DVD Review: Quatermass & the Pit, Pt. 1

I’ve been meaning to review the 1967 Hammer film version of this story, aka Five Million Miles to Earth, since last October; that was the one I grew up with on late-night television and affectionately refer to as Giant Fascist Grasshoppers from Mars. But I’ve just ordered and received the original versions of Nigel Kneale’s Quatermass teleplays, which aired on the BBC in the 1950s. I’d never seen more than fragments of them before the package arrived from the UK last week.

Quatermass & the Pit is actually the third in the set; it aired in six episodes from December 1958 through January 1959. But it’s my favorite so I’m doing it first. I’ll compare it to the later film version when I get to the end.

Episode 1: The Halfmen

Our story begins on a construction site in Knightsbridge, London, on a street which two different signs (one new and the other very old) alternately tell us is Hobbs or Hobs Lane. A big, deep pit is being excavated under the former foundations of some old row houses, when a truck driver notices something that’s been dug up in the latest scoop of spoils: a damaged human skull. When the workmen examine it more closely, they realize that it’s actually a fossil and has been “down there a long time.” One of the men adds that he’s never liked working in this place.
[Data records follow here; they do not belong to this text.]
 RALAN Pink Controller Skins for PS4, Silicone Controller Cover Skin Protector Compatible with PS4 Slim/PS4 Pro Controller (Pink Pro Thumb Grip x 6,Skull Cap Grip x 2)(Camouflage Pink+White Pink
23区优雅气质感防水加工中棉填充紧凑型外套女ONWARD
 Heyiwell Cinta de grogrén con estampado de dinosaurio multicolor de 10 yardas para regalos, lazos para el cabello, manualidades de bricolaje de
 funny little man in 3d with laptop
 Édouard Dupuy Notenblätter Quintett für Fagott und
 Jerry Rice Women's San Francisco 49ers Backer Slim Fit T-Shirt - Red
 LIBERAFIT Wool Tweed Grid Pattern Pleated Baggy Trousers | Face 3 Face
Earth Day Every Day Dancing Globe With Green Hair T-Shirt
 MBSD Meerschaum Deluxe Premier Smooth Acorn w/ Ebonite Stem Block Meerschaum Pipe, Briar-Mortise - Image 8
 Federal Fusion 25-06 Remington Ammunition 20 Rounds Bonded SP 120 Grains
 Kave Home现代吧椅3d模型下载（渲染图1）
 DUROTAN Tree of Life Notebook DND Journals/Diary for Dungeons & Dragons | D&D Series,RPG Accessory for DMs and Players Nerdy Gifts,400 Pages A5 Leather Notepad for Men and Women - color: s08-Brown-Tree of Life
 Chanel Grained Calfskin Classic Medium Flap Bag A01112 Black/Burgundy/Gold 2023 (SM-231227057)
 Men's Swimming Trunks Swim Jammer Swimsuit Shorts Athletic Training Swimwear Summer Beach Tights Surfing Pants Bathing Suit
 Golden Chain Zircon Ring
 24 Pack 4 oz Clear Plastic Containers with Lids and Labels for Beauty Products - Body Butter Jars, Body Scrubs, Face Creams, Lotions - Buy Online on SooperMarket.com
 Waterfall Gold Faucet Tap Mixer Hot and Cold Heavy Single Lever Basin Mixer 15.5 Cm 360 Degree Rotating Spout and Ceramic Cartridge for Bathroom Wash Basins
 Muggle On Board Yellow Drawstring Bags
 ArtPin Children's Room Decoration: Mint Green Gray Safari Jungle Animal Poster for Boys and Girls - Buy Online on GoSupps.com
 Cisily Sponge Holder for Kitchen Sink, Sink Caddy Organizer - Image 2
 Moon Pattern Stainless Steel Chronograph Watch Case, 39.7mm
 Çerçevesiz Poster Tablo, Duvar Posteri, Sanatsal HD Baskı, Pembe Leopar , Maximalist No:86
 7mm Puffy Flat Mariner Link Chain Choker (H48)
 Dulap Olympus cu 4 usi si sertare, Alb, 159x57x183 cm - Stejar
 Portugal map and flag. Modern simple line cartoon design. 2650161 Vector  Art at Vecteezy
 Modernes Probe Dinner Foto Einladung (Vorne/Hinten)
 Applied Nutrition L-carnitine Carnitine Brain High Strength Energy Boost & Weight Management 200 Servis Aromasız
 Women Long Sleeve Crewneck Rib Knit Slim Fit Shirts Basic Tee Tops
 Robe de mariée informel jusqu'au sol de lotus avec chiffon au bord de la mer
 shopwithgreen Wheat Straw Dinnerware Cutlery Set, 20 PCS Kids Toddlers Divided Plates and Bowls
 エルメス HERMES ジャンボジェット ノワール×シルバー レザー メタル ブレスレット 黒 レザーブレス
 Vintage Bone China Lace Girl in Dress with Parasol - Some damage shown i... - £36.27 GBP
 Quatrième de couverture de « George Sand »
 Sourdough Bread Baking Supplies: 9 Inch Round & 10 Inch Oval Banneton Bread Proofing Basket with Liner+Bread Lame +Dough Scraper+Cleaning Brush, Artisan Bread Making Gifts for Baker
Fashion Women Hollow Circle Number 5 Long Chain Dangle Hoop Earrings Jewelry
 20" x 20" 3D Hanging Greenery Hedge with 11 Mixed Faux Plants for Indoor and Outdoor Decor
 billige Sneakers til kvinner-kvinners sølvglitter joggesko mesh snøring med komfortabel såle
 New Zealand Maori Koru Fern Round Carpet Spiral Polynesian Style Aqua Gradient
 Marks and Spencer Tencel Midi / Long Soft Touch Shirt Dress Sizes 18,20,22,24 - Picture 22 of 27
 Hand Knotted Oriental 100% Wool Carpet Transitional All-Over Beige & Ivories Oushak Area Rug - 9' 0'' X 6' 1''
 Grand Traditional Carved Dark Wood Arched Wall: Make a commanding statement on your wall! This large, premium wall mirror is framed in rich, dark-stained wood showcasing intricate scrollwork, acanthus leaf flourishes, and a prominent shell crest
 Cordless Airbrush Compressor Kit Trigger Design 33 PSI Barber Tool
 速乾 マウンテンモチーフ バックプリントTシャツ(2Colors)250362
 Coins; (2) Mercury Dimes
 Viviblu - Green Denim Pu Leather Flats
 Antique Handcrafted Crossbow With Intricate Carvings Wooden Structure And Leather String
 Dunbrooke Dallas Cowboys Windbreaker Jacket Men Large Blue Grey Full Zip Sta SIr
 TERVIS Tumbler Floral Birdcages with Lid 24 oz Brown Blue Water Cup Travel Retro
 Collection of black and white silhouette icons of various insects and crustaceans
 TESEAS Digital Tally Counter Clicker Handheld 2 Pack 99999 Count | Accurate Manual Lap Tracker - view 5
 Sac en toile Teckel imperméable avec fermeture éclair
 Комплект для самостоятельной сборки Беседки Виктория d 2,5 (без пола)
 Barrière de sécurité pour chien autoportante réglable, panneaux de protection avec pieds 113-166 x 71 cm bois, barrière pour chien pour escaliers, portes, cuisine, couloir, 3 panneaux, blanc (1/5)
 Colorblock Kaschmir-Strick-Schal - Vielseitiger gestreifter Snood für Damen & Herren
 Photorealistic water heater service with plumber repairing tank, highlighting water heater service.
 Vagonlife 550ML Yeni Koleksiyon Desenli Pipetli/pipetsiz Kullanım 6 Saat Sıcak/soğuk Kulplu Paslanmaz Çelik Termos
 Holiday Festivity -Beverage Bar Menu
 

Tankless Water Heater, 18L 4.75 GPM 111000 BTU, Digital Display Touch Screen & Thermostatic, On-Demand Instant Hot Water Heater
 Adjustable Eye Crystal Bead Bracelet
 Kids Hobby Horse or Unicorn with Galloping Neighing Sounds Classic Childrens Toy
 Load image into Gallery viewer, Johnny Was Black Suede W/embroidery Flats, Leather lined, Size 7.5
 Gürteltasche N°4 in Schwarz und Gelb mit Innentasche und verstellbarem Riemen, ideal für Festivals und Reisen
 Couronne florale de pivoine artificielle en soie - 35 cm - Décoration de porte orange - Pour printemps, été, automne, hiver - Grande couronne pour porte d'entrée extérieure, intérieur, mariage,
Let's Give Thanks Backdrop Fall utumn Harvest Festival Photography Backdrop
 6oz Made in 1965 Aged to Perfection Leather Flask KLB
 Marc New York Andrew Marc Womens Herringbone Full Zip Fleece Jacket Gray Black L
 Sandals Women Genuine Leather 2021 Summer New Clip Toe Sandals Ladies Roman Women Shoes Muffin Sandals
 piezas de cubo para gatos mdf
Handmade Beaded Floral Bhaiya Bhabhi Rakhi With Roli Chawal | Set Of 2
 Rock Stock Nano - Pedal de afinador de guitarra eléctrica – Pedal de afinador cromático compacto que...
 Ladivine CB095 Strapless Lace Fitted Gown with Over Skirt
A newspaper placard informs us that “3 More Bodies!” have been discovered.

We now go to the Nicklin Institute of Research in Natural History, where well-known Canadian paleontologist Dr. Matthew Roney is about to hold a press conference. Dr. Roney wants the press and the general public on his side so he can keep his archaeological dig open long enough to finish his work there properly; the owners of the construction site want him and his team out as soon as possible.

Barbara Judd, Dr. Roney, and Ape-manDr. Roney believes that the skeletal remains found on the site are of great scientific importance. They are dated at 3 to 5 million years old, much, much earlier than hominids have previously been believed to exist.

His assistant Barbara Judd brings out a clay model she’s reconstructed from the bones they’ve recovered so far: the figure is small and ape-faced, but it stands upright and has a remarkably large brain.